If you are currently still in a loss, you must take a good look at the following content. This is a concise yet very practical cryptocurrency trading strategy:

1. Divide your available funds into five equal parts. For example, if you have 10,000, split it into five parts, using 2,000 for each trade.

2. Use one part of the funds to buy a cryptocurrency at the current price.

3. If the cryptocurrency price drops by 10%, buy another part.

4. When the cryptocurrency price rises by 10%, sell one part.

5. Repeat the above steps until all funds are used up or all cryptocurrencies are sold.

With this strategy, once you buy in, you don't have to worry even if the cryptocurrency price drops, because when the price drops, we will continue to buy. In fact, if all five parts of the funds are used up, the cryptocurrency price has dropped by at least nearly 50%. Unless there is a major market crash, the price won't drop that quickly.
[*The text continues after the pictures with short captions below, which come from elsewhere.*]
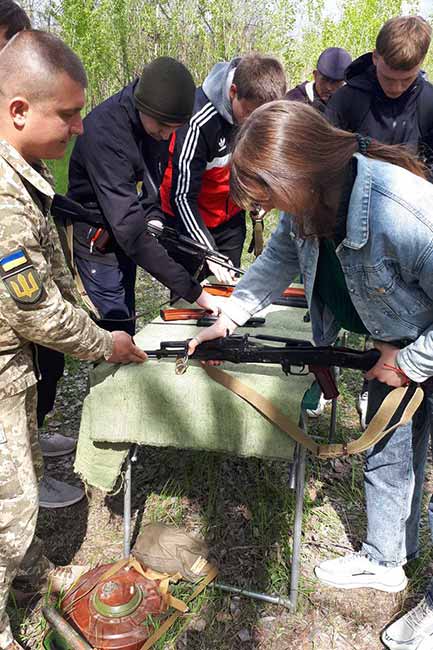 На Гребінківщині учнів вчили поводитися зі зброєю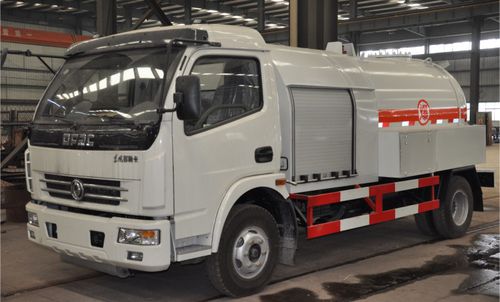 Treibstoff-Tankwagen - Wenzhou BlueSky Energy Technology Co., Ltd. - 4-Achsen / dieselbetrieben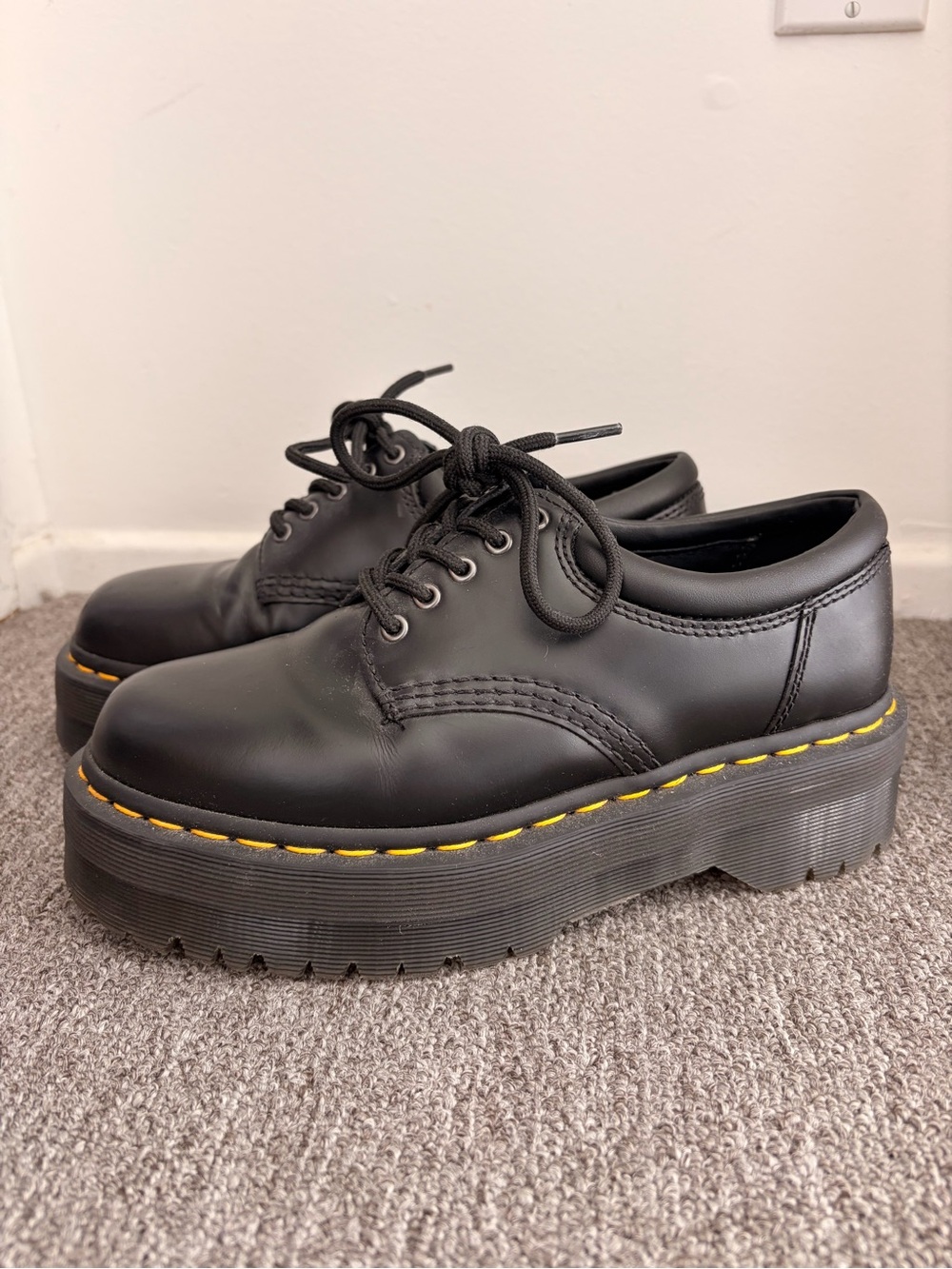 Dr. Martens 8053 Quad Smooth Leather Platform Shoes - Black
From a profit perspective, each time you sell, the funds will bring a 10% profit. Taking an example of 100,000 total funds, if you use 20,000 each time, then each sale will yield a profit of 2,000.

However, this strategy also has certain issues. A 10% fluctuation is relatively large, which may make trades difficult to execute, requiring longer wait times. This can affect the efficiency of fund usage, as funds may remain idle for a long time or be continuously occupied by a specific cryptocurrency.

However, this issue can be resolved by reducing the fluctuation range. For example, you could choose to buy more stable cryptocurrencies and invest in Binance wealth management products when funds are idle. This way, you can earn additional returns while waiting for cryptocurrency price changes.